После прогулки поехали в дом, где матушка уже накрыла на стол. Я болтала с ребятами, а маленький Костя даже показал мне альбом с их детскими фотографиями. Смышленый мальчик все чувствовал и понимал. Вообще между всеми детьми в этом доме особая связь. Они держатся своей доброй дружной компанией, внешне по-доброму шутя друг над другом, но в действительности защищая любимых сестер и братьев.

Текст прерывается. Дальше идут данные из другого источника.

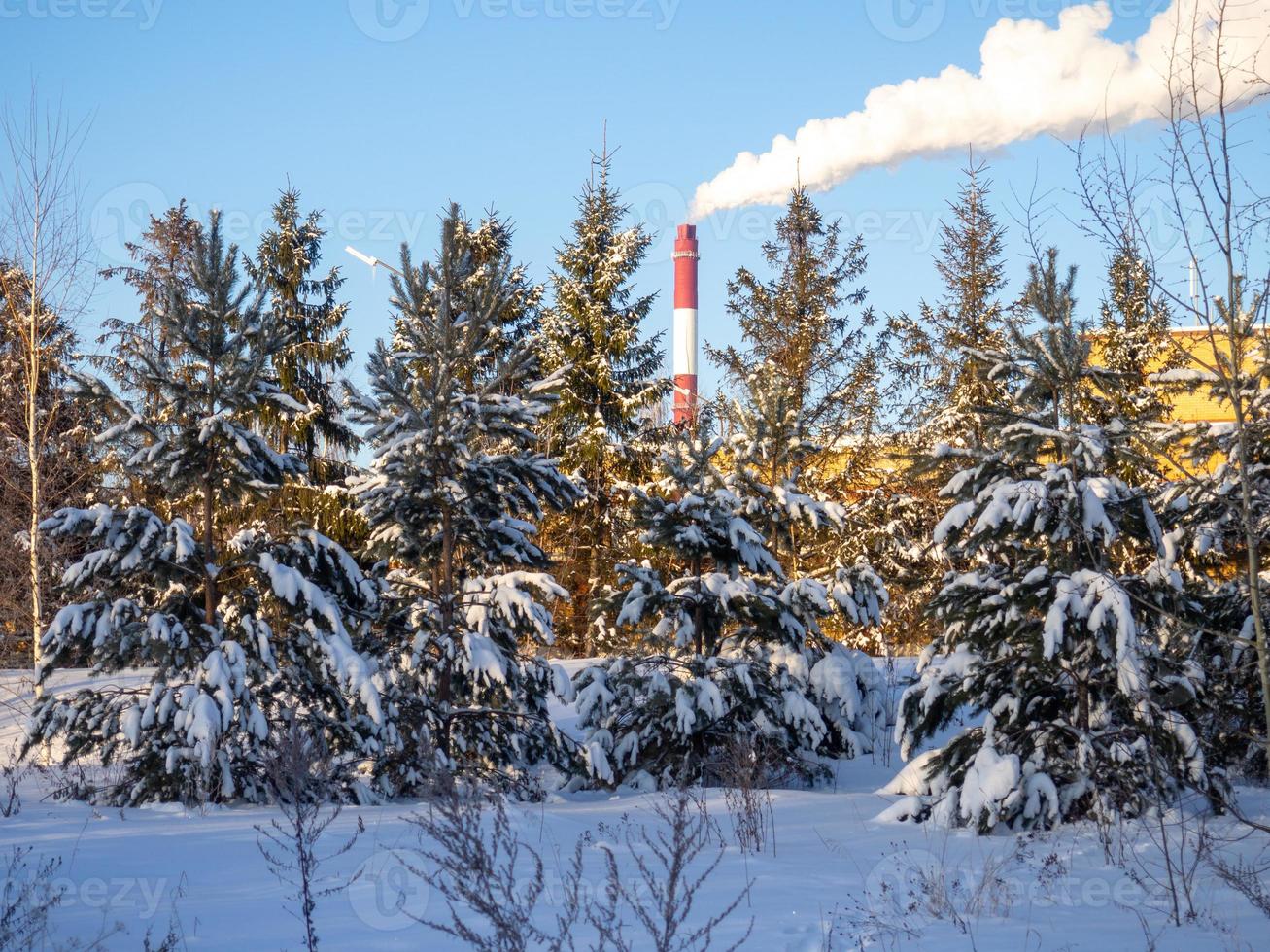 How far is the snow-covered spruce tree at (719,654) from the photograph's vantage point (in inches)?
388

Маша кормила бананом крошку Катю во дворе на качелях, а милый большой щенок Альф нелепо тыкался в ручонку маленького Васи, идущего за мамой. Семилетняя улыбчивая Таня все порывалась взять на руки Катюшу и, если брала, то с удивительной для первоклассницы легкостью. Сестренка постоянно с широкой открытой улыбкой и любовью звала: «Катя! Катя!». Это мир детской радости и свободы. Это потрясающая команда и настоящая семья.

Батюшка вернулся со службы и подвез меня на вокзал. Взглядом я провожала могучие манящие горы. Так хотелось остаться с ними. Когда приехали, батюшка повернулся и спросил с доброй смиренной улыбкой: «Лейла, скажите, а вы хоть на службы успеваете ходить?». «Знаете, батюшка, не всегда, но стараюсь».

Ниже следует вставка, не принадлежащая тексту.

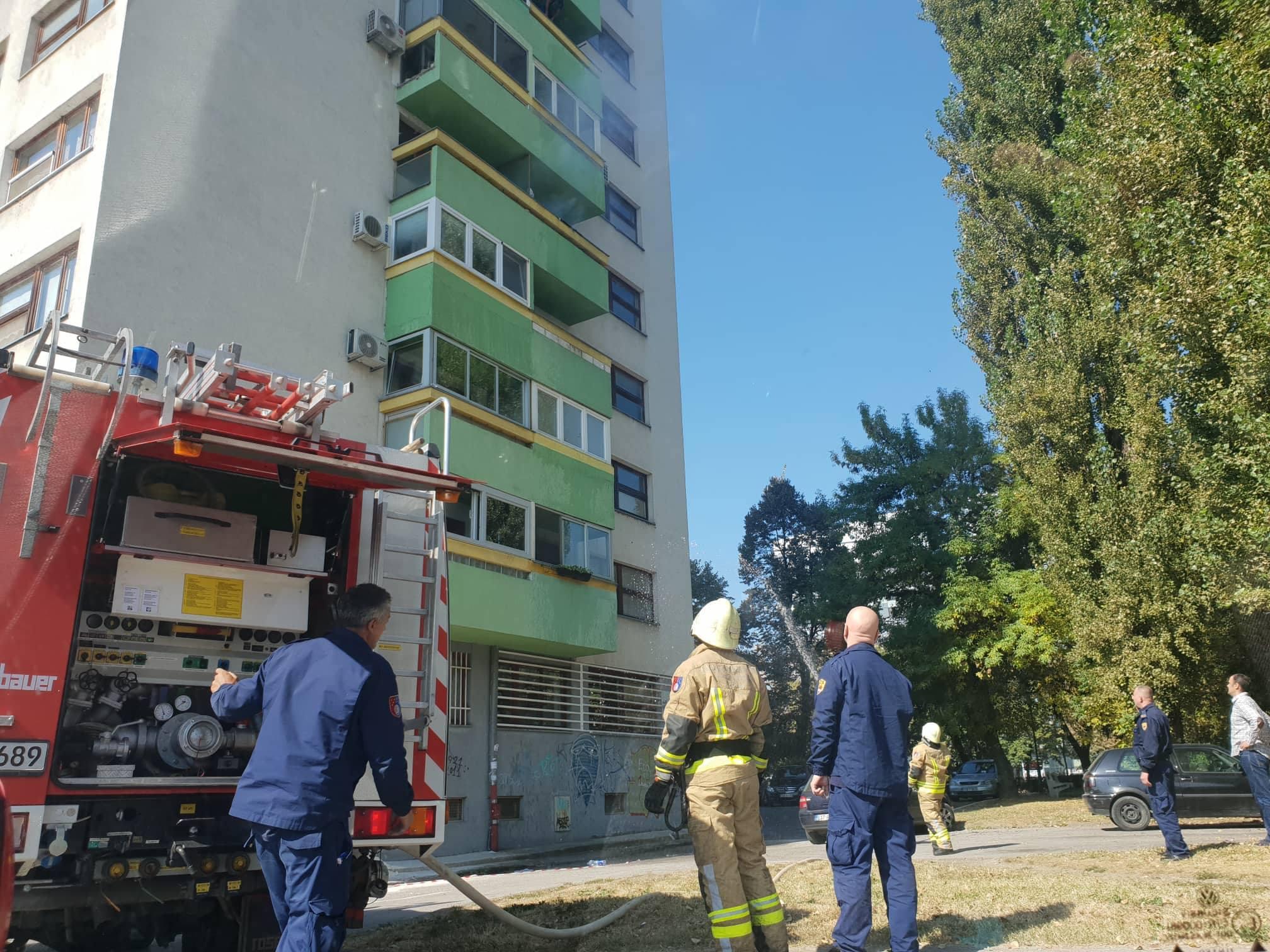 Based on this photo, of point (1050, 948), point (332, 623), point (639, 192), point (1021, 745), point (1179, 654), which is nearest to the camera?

Я уезжала домой с удивительной легкостью. Мне легко было смотреть в глаза каждого, кто живет в этом доме на Счастливой улице. Мне полюбились звезды, которые не прятались, а тянулись к изумрудным горам. Но более всего нравилось мне смотреть на горящую перед иконами лампадку, зажженную детской рукой и своим светом исцеляющую сердце.